[Image-text web data]
....................
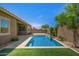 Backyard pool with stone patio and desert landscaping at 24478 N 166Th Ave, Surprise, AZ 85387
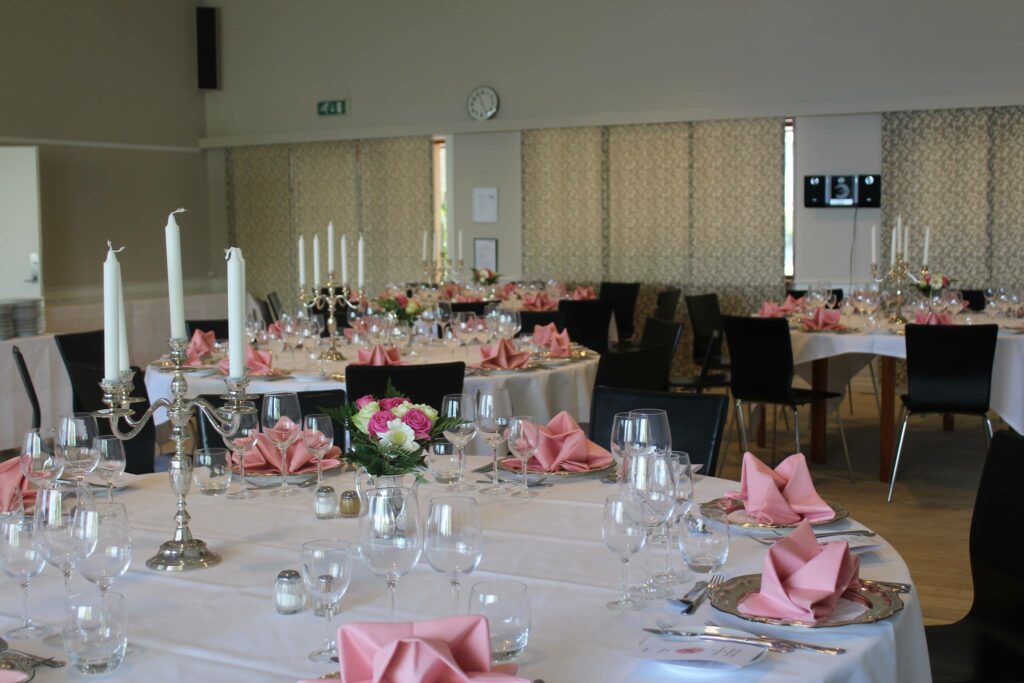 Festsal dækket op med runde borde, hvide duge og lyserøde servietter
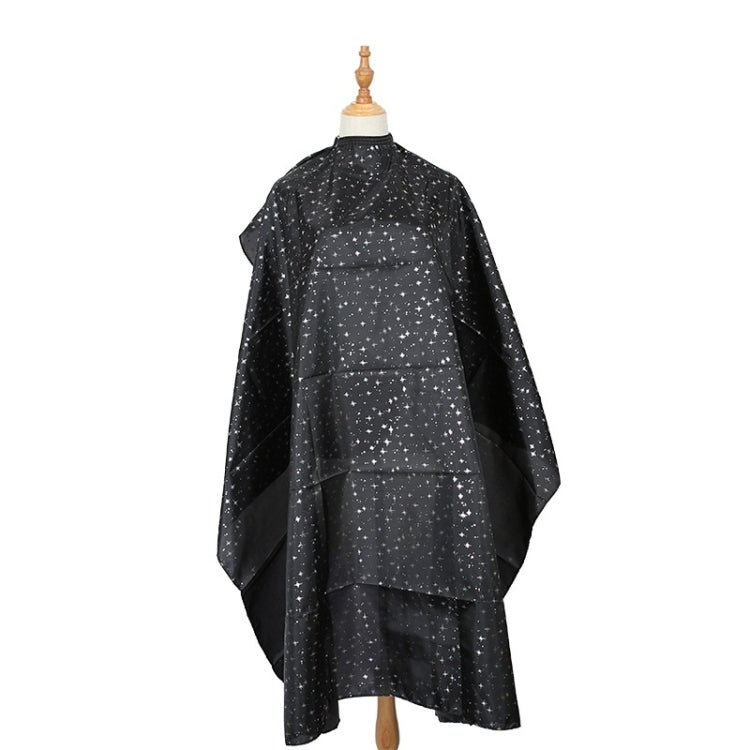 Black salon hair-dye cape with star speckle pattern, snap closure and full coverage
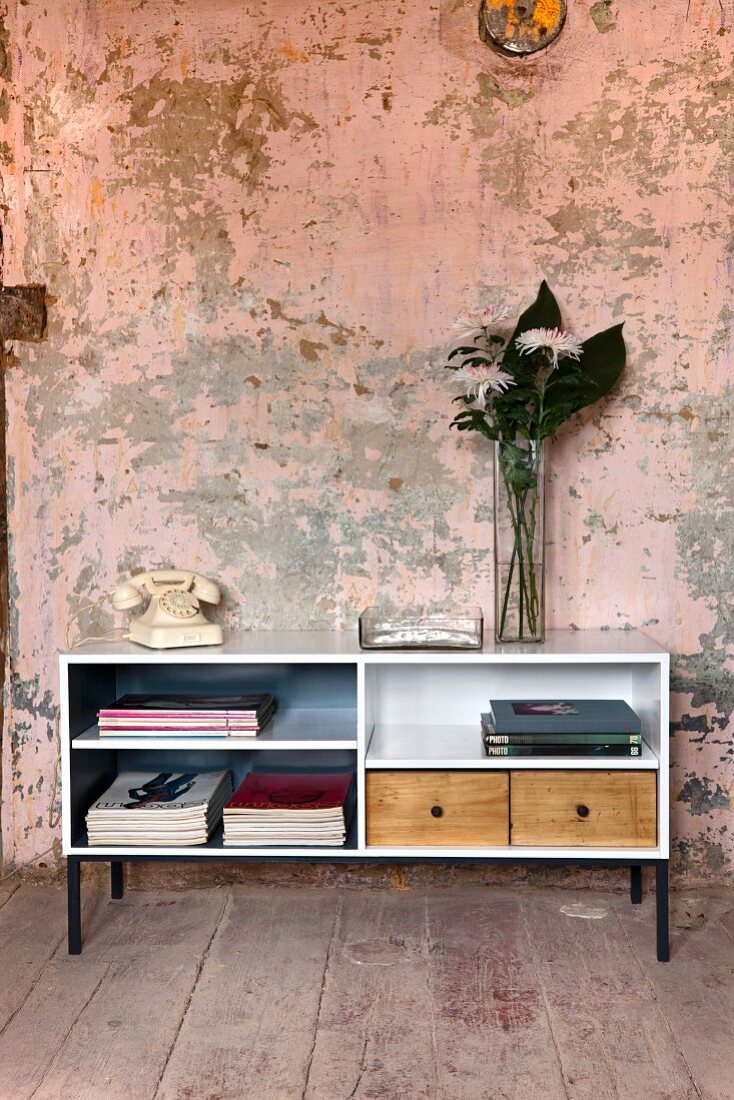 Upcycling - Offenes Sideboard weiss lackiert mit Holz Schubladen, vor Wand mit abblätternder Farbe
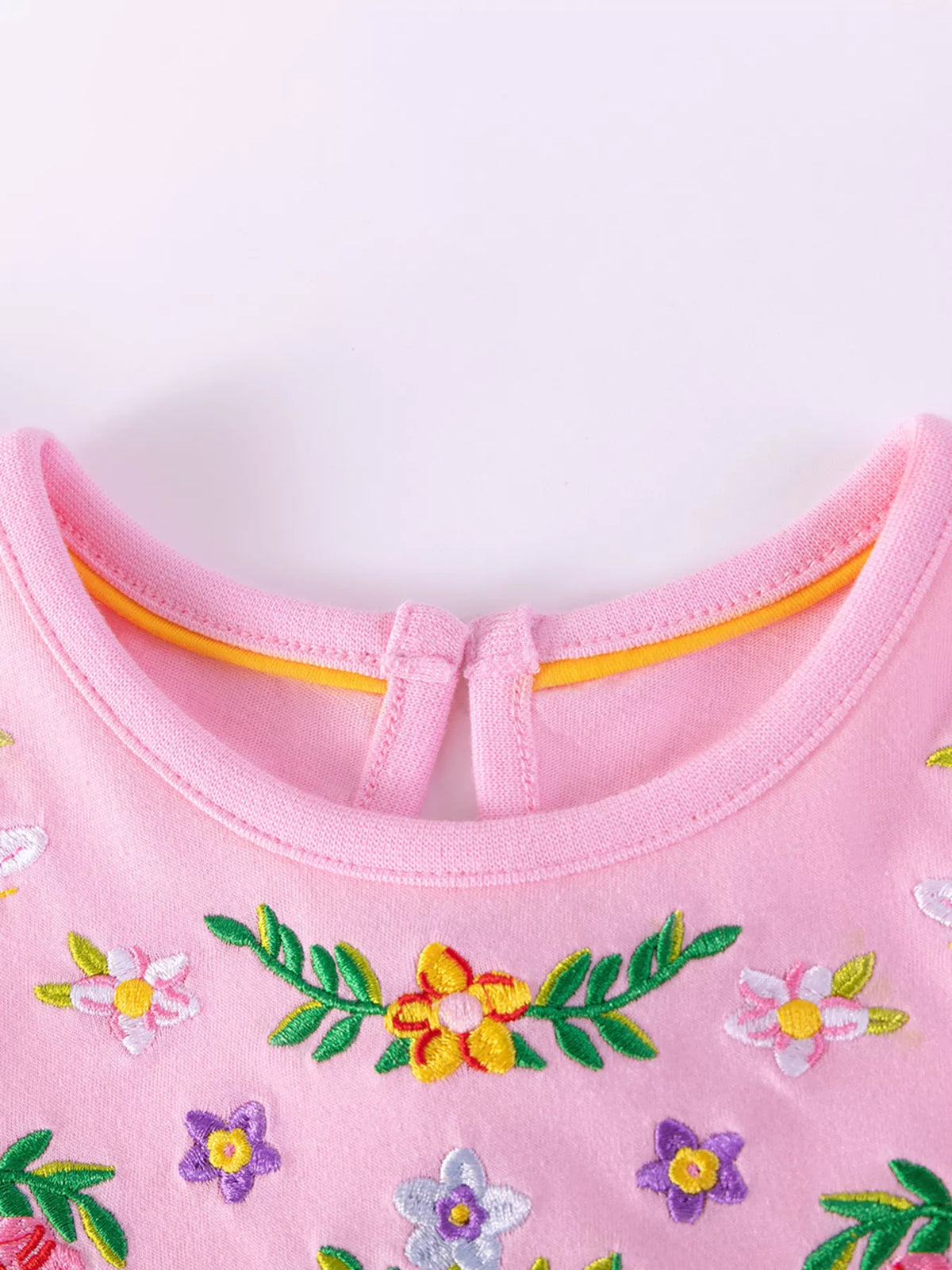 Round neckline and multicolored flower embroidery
....................
Exercise objective. Please return, without any change, the lines from the line containing "Upcycling - Offenes" through the last line of the entries, dropping the pictures.

Written answer.
 Upcycling - Offenes Sideboard weiss lackiert mit Holz Schubladen, vor Wand mit abblätternder Farbe
 Round neckline and multicolored flower embroidery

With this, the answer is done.